Bed bugs are developing a resistance to common insecticides and its making them much harder to kill, a new study says.

According to scientists at Purdue University, bed bugs have already shown resistance to several other insecticides, including the commonly-used deltamethrin. However, bifenthrin and chlorfenapyr can now be added onto that growing list.

In a study to be published next week in the Entomological Society of Americas Journal of Economic Entomology, researchers at Purdue University found significantly reduced susceptibility to chlorfenapyr among three out of 10 bed bug populations collected in the field, and they found reduced susceptibility to bifenthrin among five of the populations.

The common bed bug (Cimex lectularius) already shows significant resistance to deltamethrin and some other pyrethroid-class insecticides, which is viewed as a main cause of its resurgence as an urban pest. In fact, 68 percent of pest management professionals identify bed bugs as the most difficult pest to control, according to a 2015 Bugs Without Borders survey of pest management professionals conducted by the National Pest Management Association and the University of Kentucky. Little research had yet been done, however, to examine potential resistance to bifenthrin (also a pyrethroid) or chlorfenapyr, a pyrrole-class insecticide, which led the Purdue researchers to investigate.

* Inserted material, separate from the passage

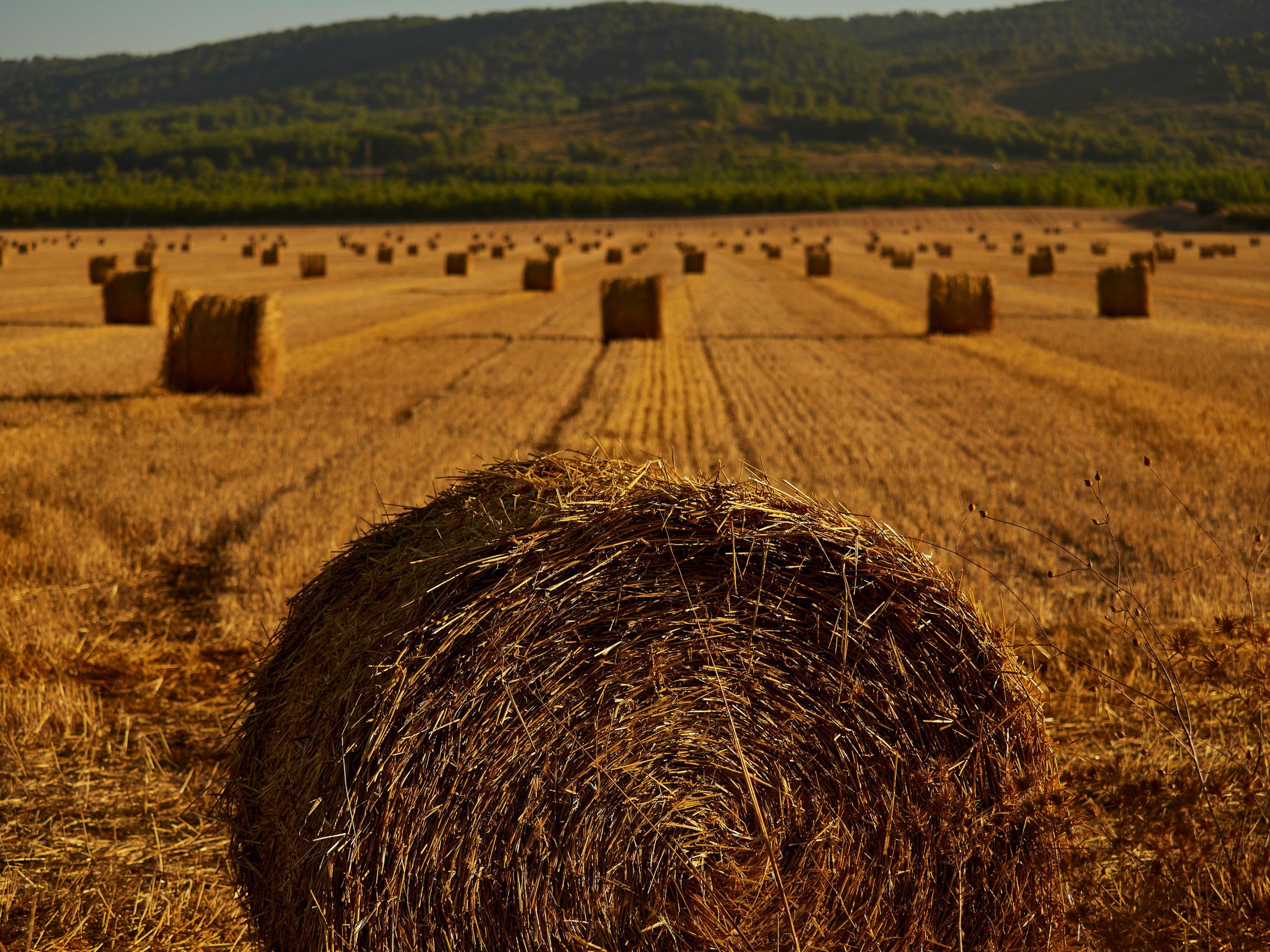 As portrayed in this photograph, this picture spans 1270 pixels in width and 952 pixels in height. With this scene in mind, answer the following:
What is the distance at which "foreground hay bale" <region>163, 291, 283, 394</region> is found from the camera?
14539mm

In the past, bed bugs have repeatedly shown the ability to develop resistance to products overly relied upon for their control. The findings of the current study also show similar trends in regard to chlorfenapyr and bifenthrin resistance development in bed bugs, says Ameya D. Gondhalekar, Ph.D., research assistant professor at Purdues Center for Urban and Industrial Pest Management. With these findings in mind and from an insecticide resistance management perspective, both bifenthrin and chlorfenapyr should be integrated with other methods used for bed bug elimination in order to preserve their efficacy in the long term.

They tested 10 populations of bed bugs that were collected and contributed by pest management professionals and university researchers in Indiana, New Jersey, Ohio, Tennessee, Virginia, and Washington, DC, measuring the percent of bed bugs killed within seven days of exposure to the insecticides. Generally, populations in which more than 25 percent of the beg bugs survived were deemed to have reduced susceptibility to the insecticide based on statistical analysis performed in comparison to the susceptible laboratory population.

Interestingly, the researchers found a correlation between chlorfenapyr and bifenthrin susceptibility among the bed bug populations, which was unexpected because the two insecticides work in different ways. Gondhalekar says further research is needed to understand why the bed bugs that are less susceptible can withstand exposure to these insecticides, especially chlorfenapyr. In any case, adherence to integrated pest management practices will slow the further development of resistance.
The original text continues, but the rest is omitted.